Background technology
Robot completes heavy and dangerous work in production and life instead of the mankind, effectively reduces the labor of the mankind
Fatigue resistance.With industrial robot, fire-fighting robot, tour guide, service robot, the application of the mobile robots such as amusement robot
More and more extensive, people are more and more to the concern of its safety.Avoid collision be most important one a bit.
Many methods have had been proposed about avoidance problem.When barrier is static or robot movement
Path can be known in advance or assess in dynamic environment to design barrier-avoiding method.But in fact, what robot worked
Environment is uncertain, and in other words, the quantity of dynamic barrier, position and motion path are all unknown.In such case
Under, also occur various intelligent barrier avoiding algorithms both at home and abroad.Mobile robot can control robot using fuzzy logic method
Movement in a stationary obstruction region keeps the desired distance between robot and barrier using virtual ARTIFICIAL FORCE field,
And the uncertainty for the task of avoiding collision also is compensated using neural network.In addition, it is also proposed that many sensor-based
The method that Real-time Decision can be made.A kind of new Real-time Obstacle Avoidance Method VFH is to use planar perspective flute card Gifid as ring
Border model builds obstacle density in sector, then moves machine by ultrasonic sensor sample range data real-time update
People can break the barriers from the low nonpolar sector selection suitable path of obstacle density.It is identified using sensor and avoids hindering
It is also a kind of method being often used to hinder object.Ultrasonic wave and infrared sensor may be used for detection and barrier and its position away from
From, it can be by surrounding center rotation searching target direction, then straight trip reaches target.It environment can also realize independently indoors
The air navigation aid of the view-based access control model of mobile robot.

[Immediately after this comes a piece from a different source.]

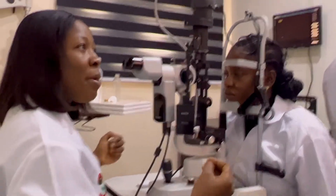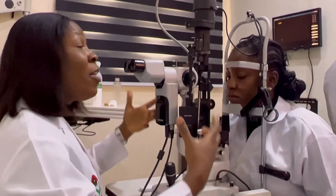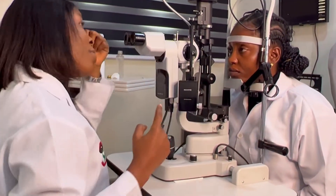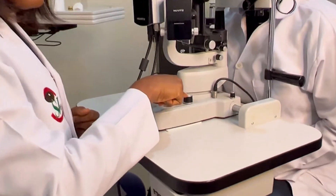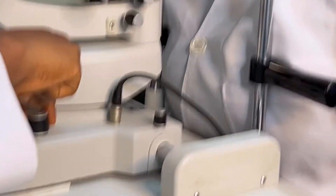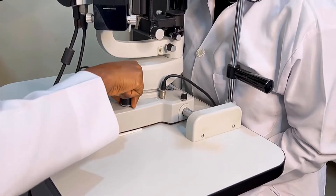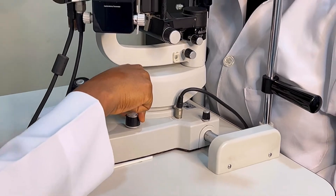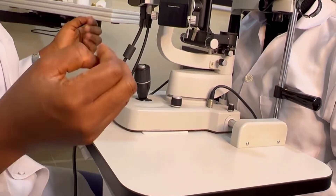Next is the instrument preparation — the instrument itself you're going to use for your practical. You need to prepare the instrument. In instrument preparation, the first thing to note is the rheostat. This rheostat controls the intensity of the light — it increases or decreases the intensity of the light. Make sure the rheostat button is at its lowest setting.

Above-mentioned algorithm is intended to avoid the collision in design, but can also have many problems in force.For example, sensor
The transmission time of data cannot be ignored.If the order of control system can not be executed timely, sensing data can
It can not can correctly reflect the virtual condition of robot at that time.The appearance of these situations will bring many problems.Robot
False judgment may bring a series of behavior of danger, and can be had an impact to operator and robot itself.In addition, should
Some special parameters of program may can not be fixed in the development phase, need to change with the variation of environment in true environment
Become, or real-time update is carried out according to the experience of engineer.

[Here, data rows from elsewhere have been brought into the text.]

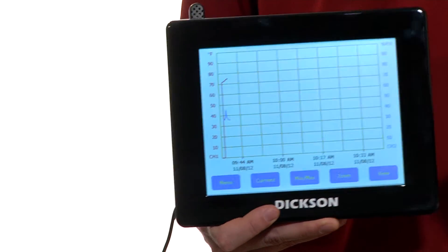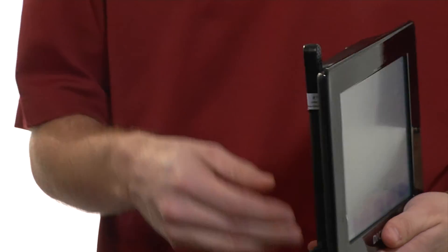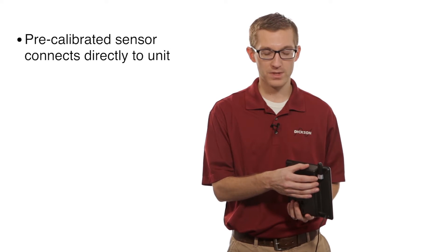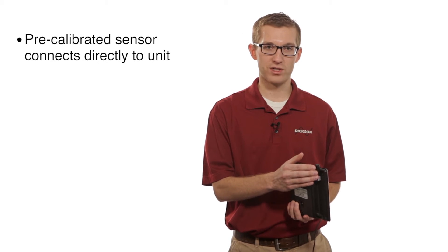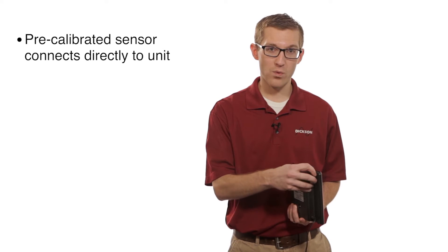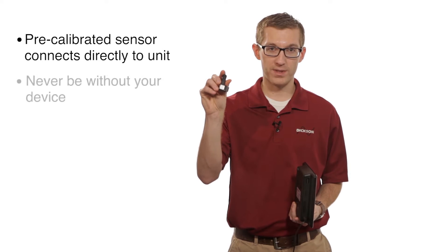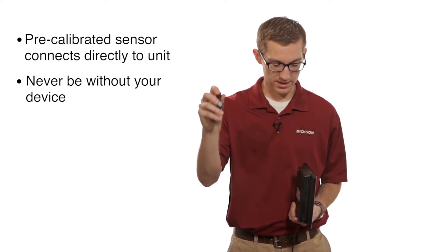A couple of cool features about this unit are the actual sensor itself. It is a precalibrated sensor. As you can see, it's connected directly to the back of the unit. All the calibration information is stored on the probe, so when it's time for you to recalibrate, all you have to do is buy one of our PCSs or our precalibrated sensors.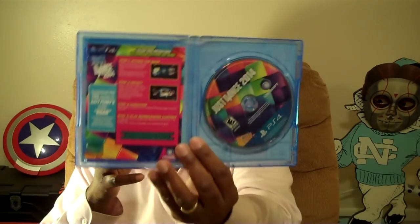Now what's next? What's next is — ba-dum! — Just Dance 2014, alright? From Ubisoft, okay? So yeah, we already know, right? There you go.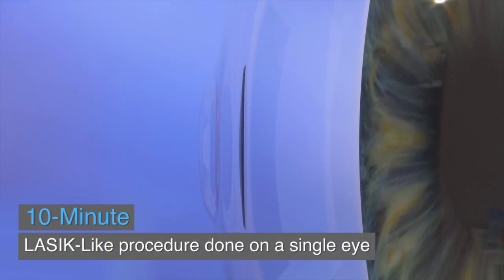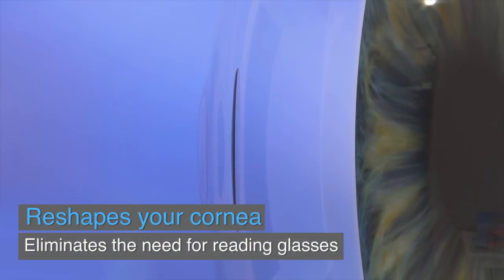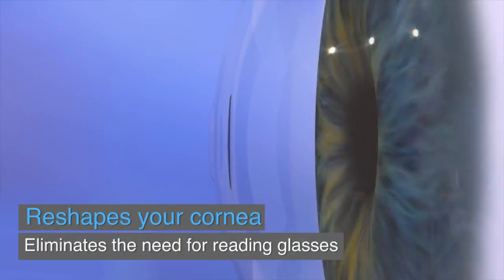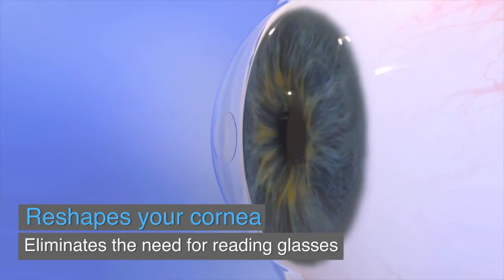Instead, the inlay is gently placed in the first few layers of the eye in a simple 10-minute LASIK-like procedure. Raindrop Near Vision Inlay helps reshape the front of the eye and restores near vision, offering a long-term solution to presbyopia.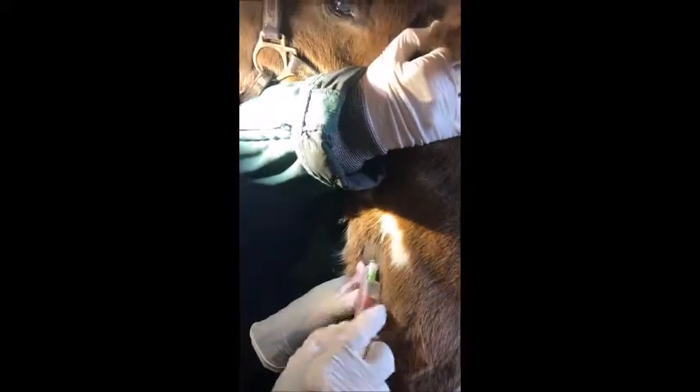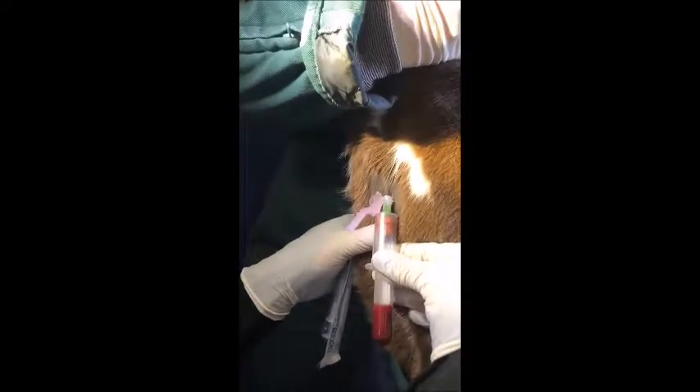Disinfect a little bit with some alcohol, occlude your vein, insert your needle parallel, attach the accutainer, and blood will fill.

In order to capture and avoid above-mentioned dangerous problem, it is proposed that robot run time verification (RV) method is referred to
In robot system, to monitor behavior of the robot in uncertain environment.In addition, we also proposed a kind of dynamic update ginseng
The program of robot itself is familiar with without operating personnel and is changed to several methods.

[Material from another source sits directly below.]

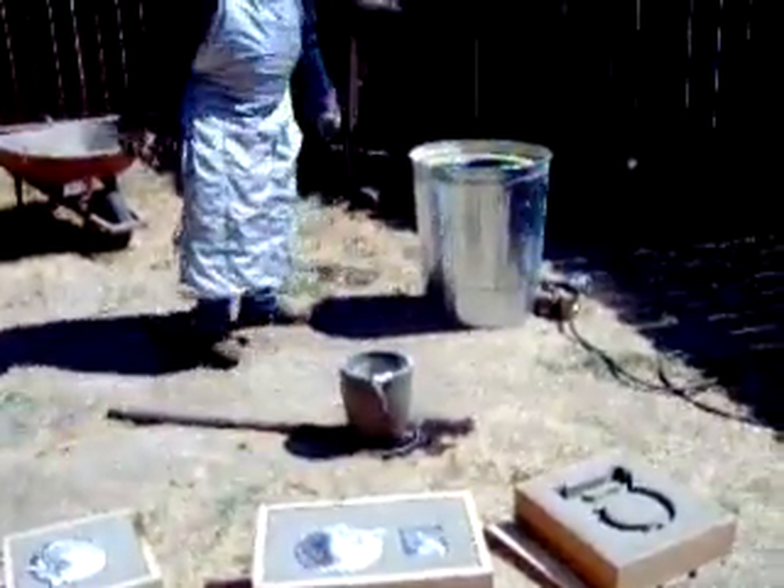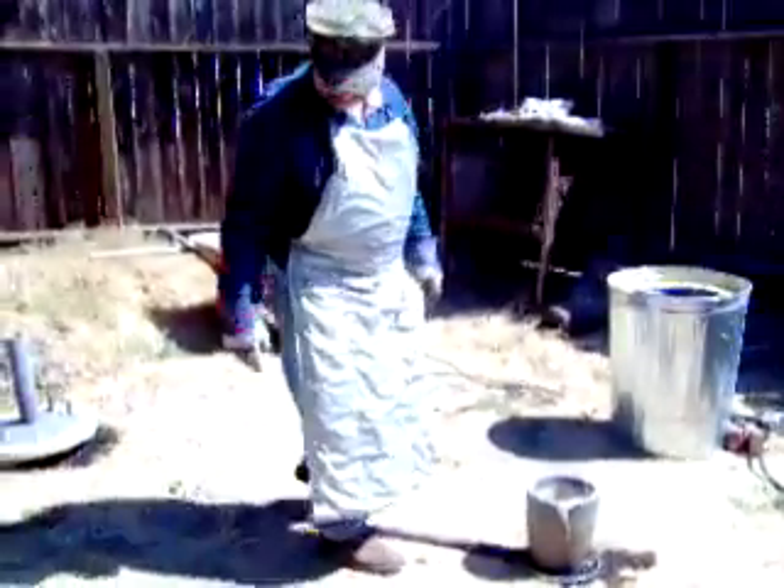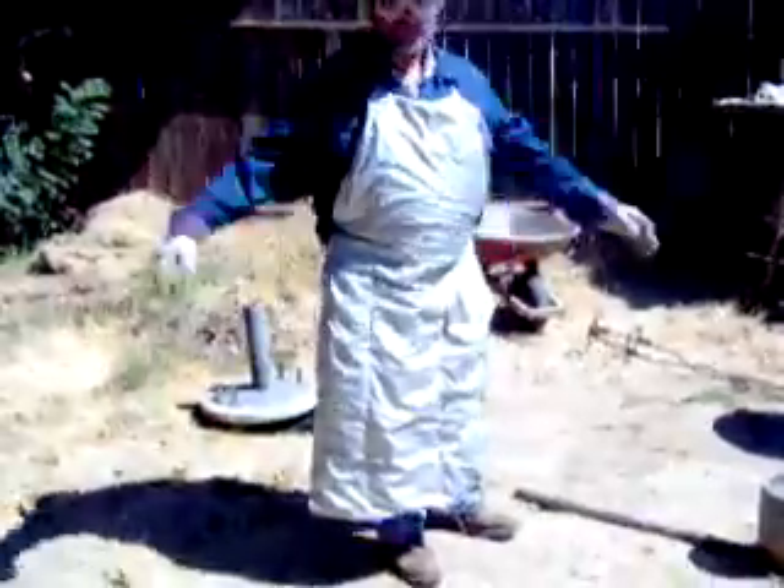I don't know what's... there it is. See? There he is, and the apron he made — I'll tell you all about that.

Run time verification is a kind of lightweight authentication technology, user-defined dynamic when an attribute is breached or verifies
Work will be triggered.It has been applied to every field, such as wireless sensor application, vehicle bus system, and weblication,
Java programs, c program and medical physics system.We have selected a run time verification tool JavaMOP in the present invention, it
It is the example of a MOP (being programmed towards monitoring), the behavior of mobile robot is monitored for generating a monitor.MOP is
One general monitoring frame, it integrates specification and realization by checking the former with the latter at runtime.It is to insert
The form of part supports many different logics, and carrys out quick access monitor using identical Index Algorithm.
Invention content
It is in verification at runtime the purpose of the present invention is to provide a kind of Automatic parameter selection method of robot obstacle-avoiding
The method for carrying out dynamic parameter selection can apply the dynamic real-time update of the parameter in uncertain scene, be not necessarily to operating personnel
It is familiar with and changes the program of robot itself.We pass through the method monitored when operation and monitor in real time, agility reaction, and by certainly
Dynamic adjusting parameter carrys out the danger zone data of real-time update robot when driving, to achieve the purpose that accurate avoidance.
A kind of Automatic parameter selection method of robot obstacle-avoiding of the present invention, is as follows:
Step 1: the foundation and execution of run time verification model
Run time verification model, including variable declarations, definition event, description attribute are established according to the grammer of JavaMOP
With the several parts of self-defined user program.Monitor real time monitoring is ultimately produced, the step of monitor is generated according to JavaMOP tools
Suddenly model is generated into monitor, realizes on line real-time monitoring;
Step 2: Automatic parameter selection
1. the event recorder of monitor can from specification identification events definition, and institute in logging program control flow
There is the possibility entry of event.Event (being known as point of penetration in AspectJ) is used to match the tie point for meeting definition, including to certain
The calling of a method needs the domain changed, the expression formula to be calculated, the code etc. of the method just executed.Run time verification mould
Event definition part in type is the entrance of event recorder (Event Logger).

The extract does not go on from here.